The UK’s independent terror watchdog has claimed it would be “quite wrong” to introduce laws to “criminalise thought without action” as he appeared to criticise a planned crackdown on online extremism.
Max Hill QC, the independent reviewer of terrorism legislation said: “We do not, and should not criminalise thought without action or preparation for action.
“Thought with steps towards action can be terrorism.

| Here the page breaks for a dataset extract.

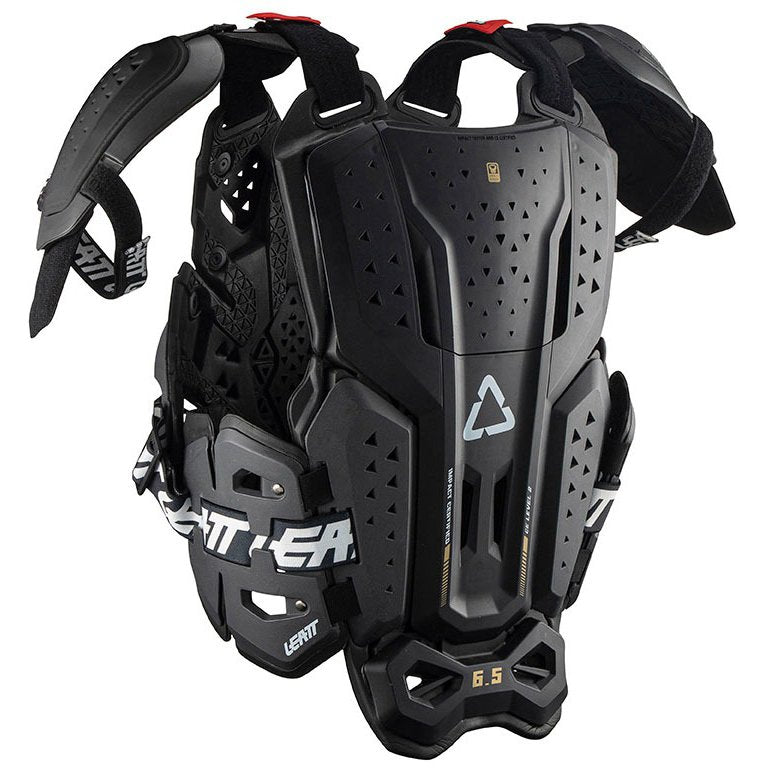 Peto de protección Leatt 6.5 PRO Black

Thought without action or preparation for action may be extremism, but it is not terrorism.”
He also warned ministers against rolling out new criminal offences and measures like banning orders and extremism disruption orders if they target people who may hold “extremist views” but are not actually taking steps to commit an act of terrorism.
Hill said such a crackdown on extremism would “fall on the wrong side of the divide.”
Prime Minister Theresa May held firm, saying that her government stood by moves to tackle the “scourge of extremism”.
Among new measures proposed Ms May to tackle extremism are banning orders and extremism disruption orders, backed by potential jail sentences. Hill, instead, urged ministers to speak to a wider range of Muslims, including those with whom they did not agree, and criticised calls for them to “do more to fight extremism” without spelling out what that should involve.
Earlier this month, Hill said Britons who joined ISIS through “naivety” should be spared prosecution and instead be allowed to reintegrate back into society if they return home.
That contrasted significantly with remarks from Foreign Office minister, Rory Stewart, who said that “in almost every case British ISIS fighters should be killed.”